Industrial heat applications have studied evaporative rates under every conceivable condition - you don't need a prototype to know that 1m3 of air travelling through a few dozen yards of wet, vertically-strung yarn will evaporate enough to bring that 1m3 of air to saturation. It's not an engineering 'if' - the barrier to people *looking* at such an idea has been the fact that the moisture flies away and rains in a large area, so you cannot easily make a *business* from it.
Global warming does increase total evaporation, yet it only increases that evaporation in the places that *already* get *too much* water - hence, floods. At the same time, global warming increases the Hadley and Ferrel cell circulations, and those drive a dry down-draft in other regions (the 'Horse Latitutdes') which makes those alread-dry regions even drier than normal. That's how global warming increases floods *and* droughts; it's adding more water to the spot that already had plenty.
My design specifically does NOT do that - we would be adding a little water back to region which only *recently* began to dry-out, such that they return to the natural state they were in, *before* climate change. Water vapor does not 'linger' for weeks, accumulating, from an evaporator - it moves across the land, instead, depositing a small amount of rain. That evaporation *only* takes place during those HOT and DRY periods when rain is needed, and no flash flood is possible.

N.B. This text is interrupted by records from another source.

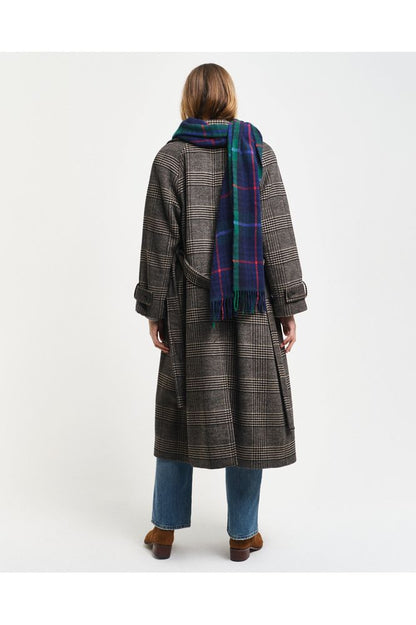 AW24 GANT Check Wool Trench Coat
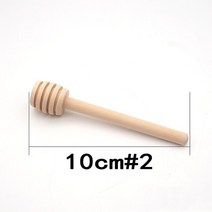허니디퍼 꿀봉 꿀스틱 스푼 스틱 꿀스푼50/100pcs 8/10/15cm 실용적인 꿀 바 믹싱 핸들 항아리 숟가락 나무, 02 10cm style 2_01 50pcs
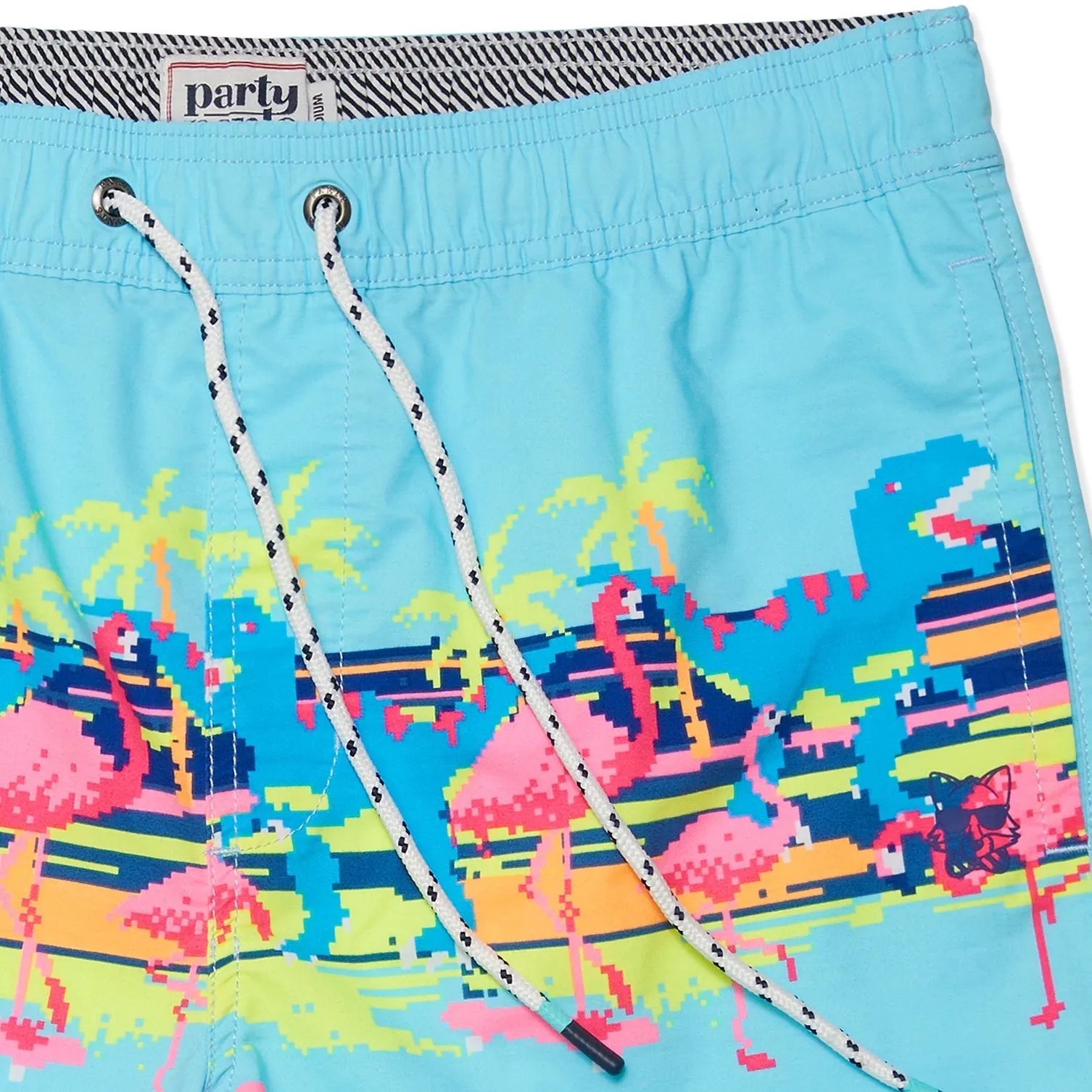 Part Pants USA Pixel Paradise Shorts - Light Blue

A flash flood, specifically, comes from miles and miles of an 'Atmospheric River' that carries immense amounts of water, ploughing-into a cold front, which causes all that water to drop at once. The cold of the Himalayans, striking the warm, humid waters of the South Pacific, are what cause floods in South China, for example. This is NOT some mystery doomed to destroy us; we already accurately predict hurricanes weeks in advance, without *failing* to predict a hurricane, when one did occur. Our weather models have NOT *missed* catastrophes - they keep spotting problems before everyone else. So, no, we won't be blindsided by sudden flash floods.